*About this task*.
Find the line containing "The Crown Of", then print it and each line after it through the end of the listing exactly, with no pictures.
== Input data ==
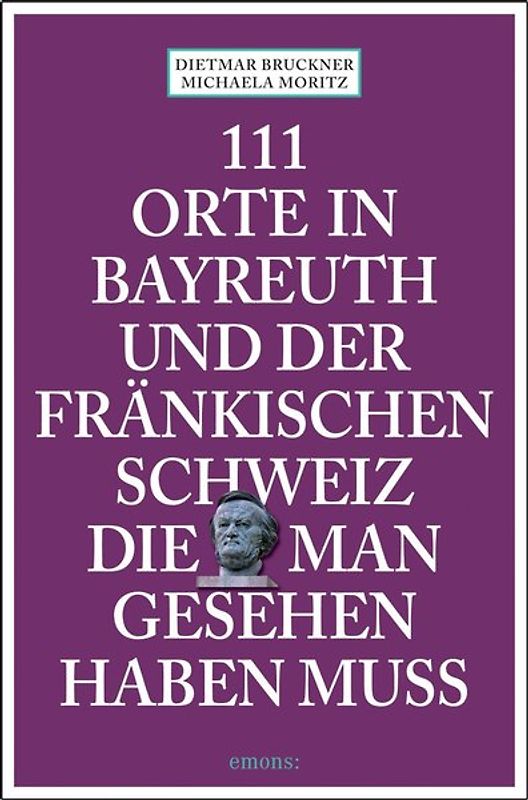 111 Orte in Bayreuth und der fränkischen Schweiz die man gesehen haben muss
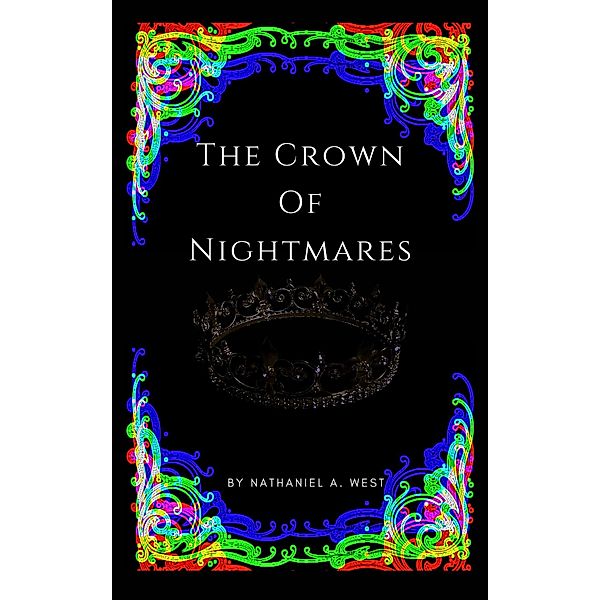 The Crown Of Nightmares (Adventures In Caelum) / Adventures In Caelum, Nathaniel A. West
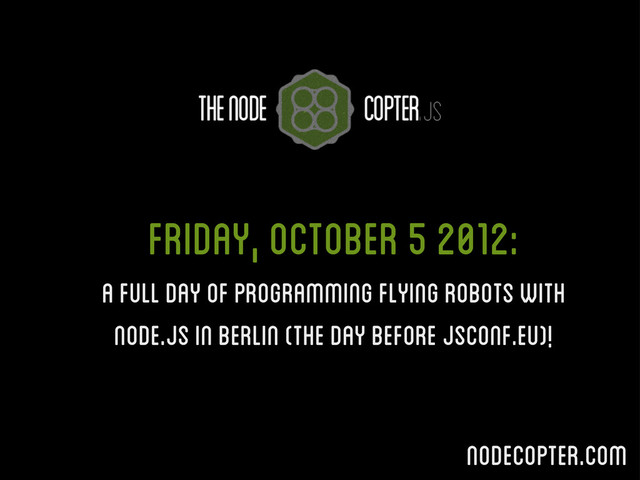 Friday, October 5 2012:
A full day of programming flying robots with
node.js in Berlin (the day before JSConf.eu)!
nodecopter.com
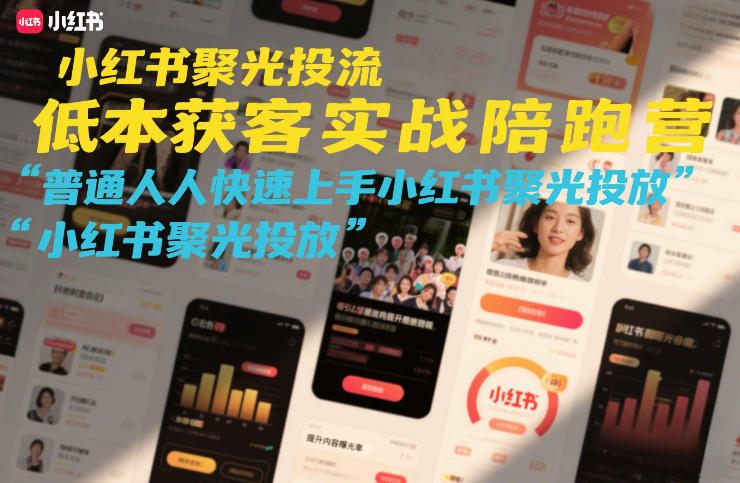 小红书聚光投流低成本获客实战陪跑营，普通人快速上手小红书聚光投放-领学通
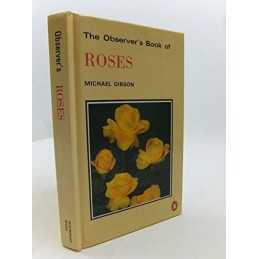 The Observers Book of Roses by Michael Gibson, Illustrated by Norman B Hardback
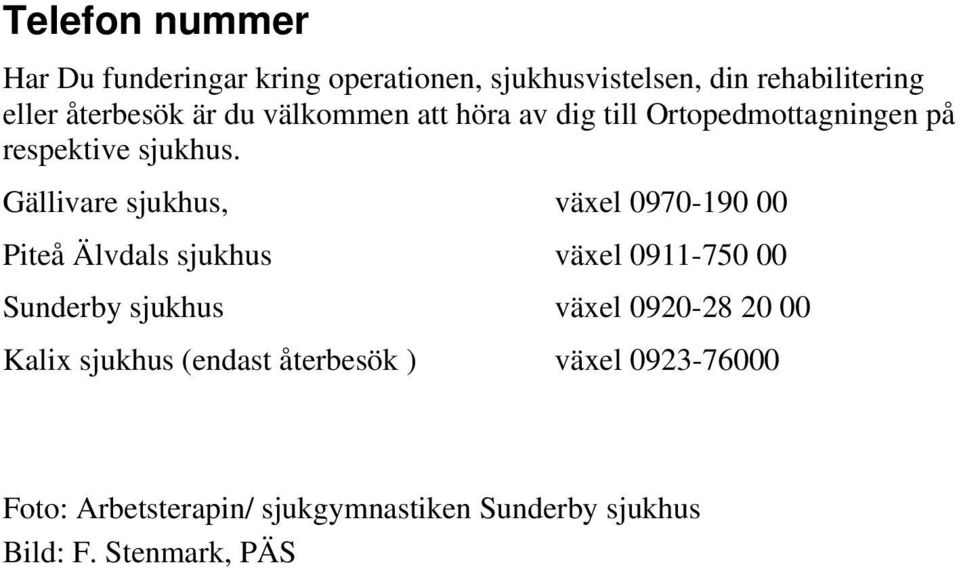 Gällivare sjukhus, växel 0970-190 00 Piteå Älvdals sjukhus växel 0911-750 00 Sunderby sjukhus växel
===
*Exercise answer*.
 The Crown Of Nightmares (Adventures In Caelum) / Adventures In Caelum, Nathaniel A. West
 Friday, October 5 2012:
A full day of programming flying robots with
node.js in Berlin (the day before JSConf.eu)!
nodecopter.com
 小红书聚光投流低成本获客实战陪跑营，普通人快速上手小红书聚光投放-领学通
 The Observers Book of Roses by Michael Gibson, Illustrated by Norman B Hardback
 Gällivare sjukhus, växel 0970-190 00 Piteå Älvdals sjukhus växel 0911-750 00 Sunderby sjukhus växel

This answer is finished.